BEGIN INFORMATION SUPPLIED

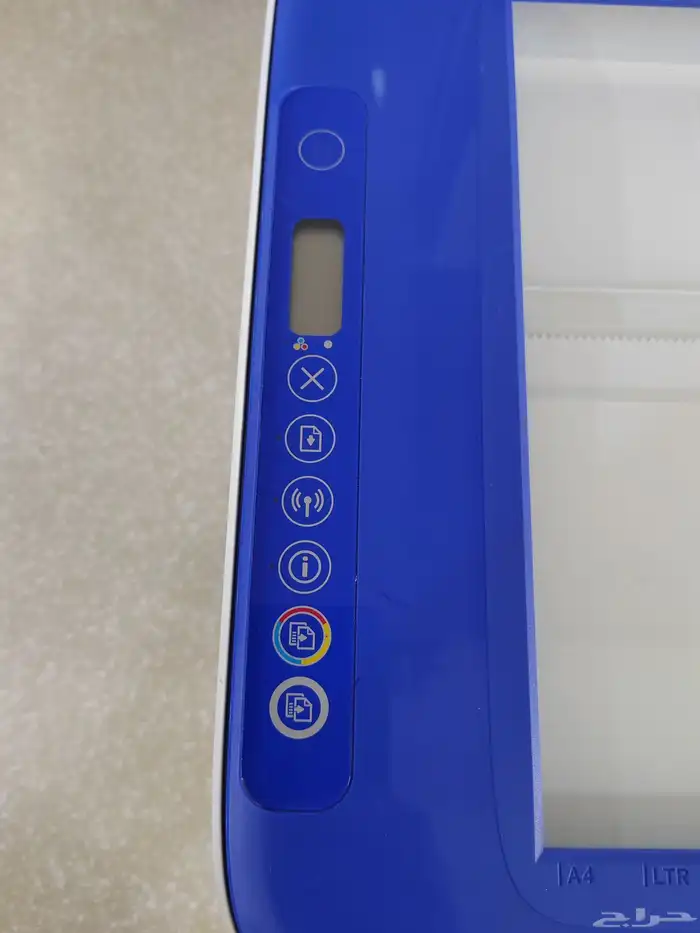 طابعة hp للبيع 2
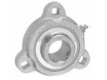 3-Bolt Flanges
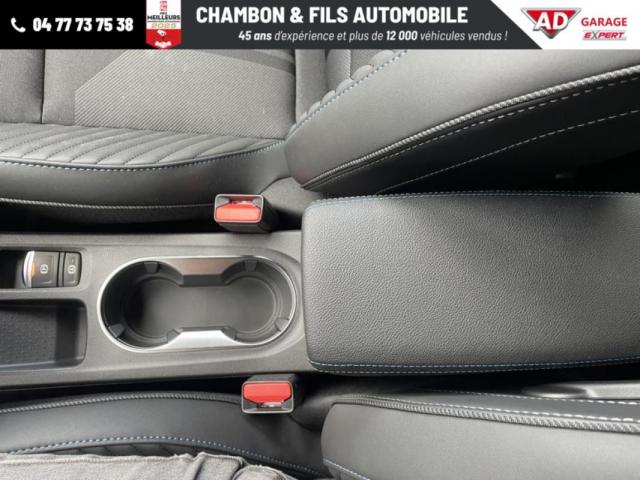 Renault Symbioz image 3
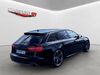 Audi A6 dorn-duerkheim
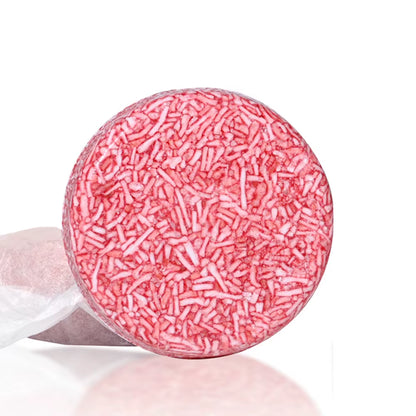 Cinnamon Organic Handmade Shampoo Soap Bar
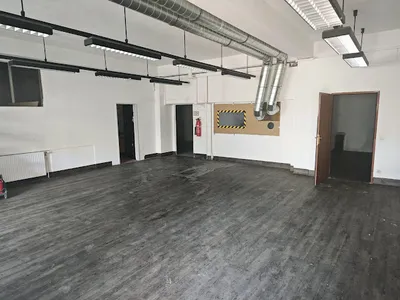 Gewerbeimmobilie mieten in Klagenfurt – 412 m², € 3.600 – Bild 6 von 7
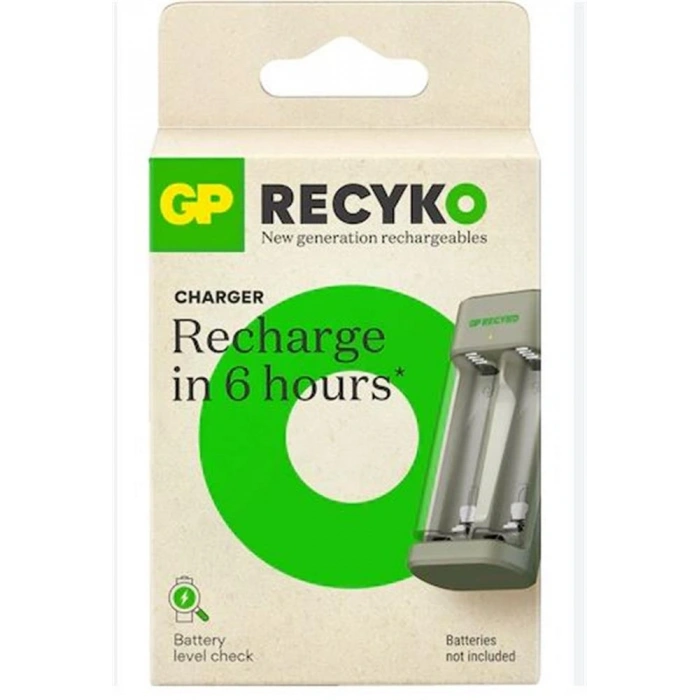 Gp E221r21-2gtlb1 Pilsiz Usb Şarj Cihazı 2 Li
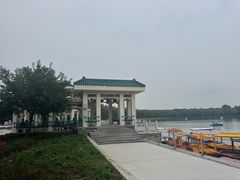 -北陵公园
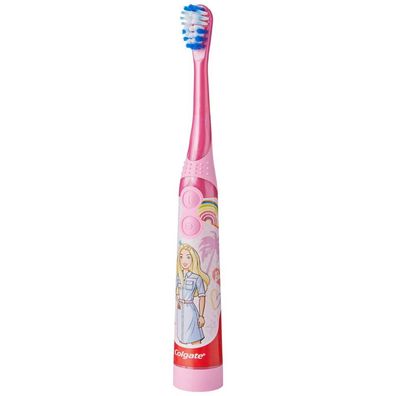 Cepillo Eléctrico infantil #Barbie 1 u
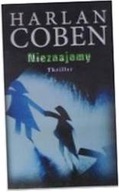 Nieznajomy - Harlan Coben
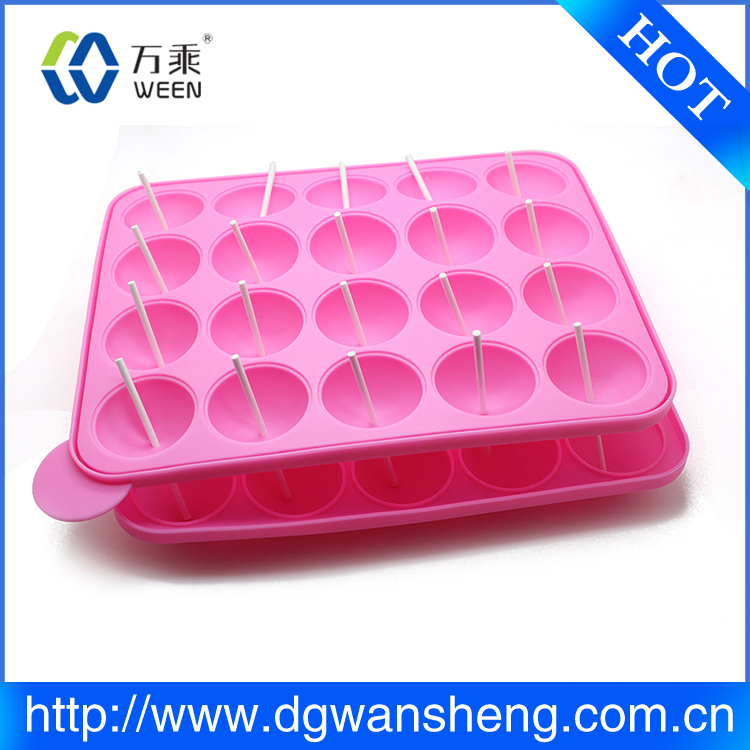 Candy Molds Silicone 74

END INFORMATION SUPPLIED

TASK TO COMPLETE → Set down again, exactly, the lines from the one with "Audi A6 dorn-duerkheim" to the last line of the data, both included and pictures excluded.

ANSWER SPACE →
 Audi A6 dorn-duerkheim
 Cinnamon Organic Handmade Shampoo Soap Bar
 Gewerbeimmobilie mieten in Klagenfurt – 412 m², € 3.600 – Bild 6 von 7
 Gp E221r21-2gtlb1 Pilsiz Usb Şarj Cihazı 2 Li
 -北陵公园
 Cepillo Eléctrico infantil #Barbie 1 u
 Nieznajomy - Harlan Coben
 Candy Molds Silicone 74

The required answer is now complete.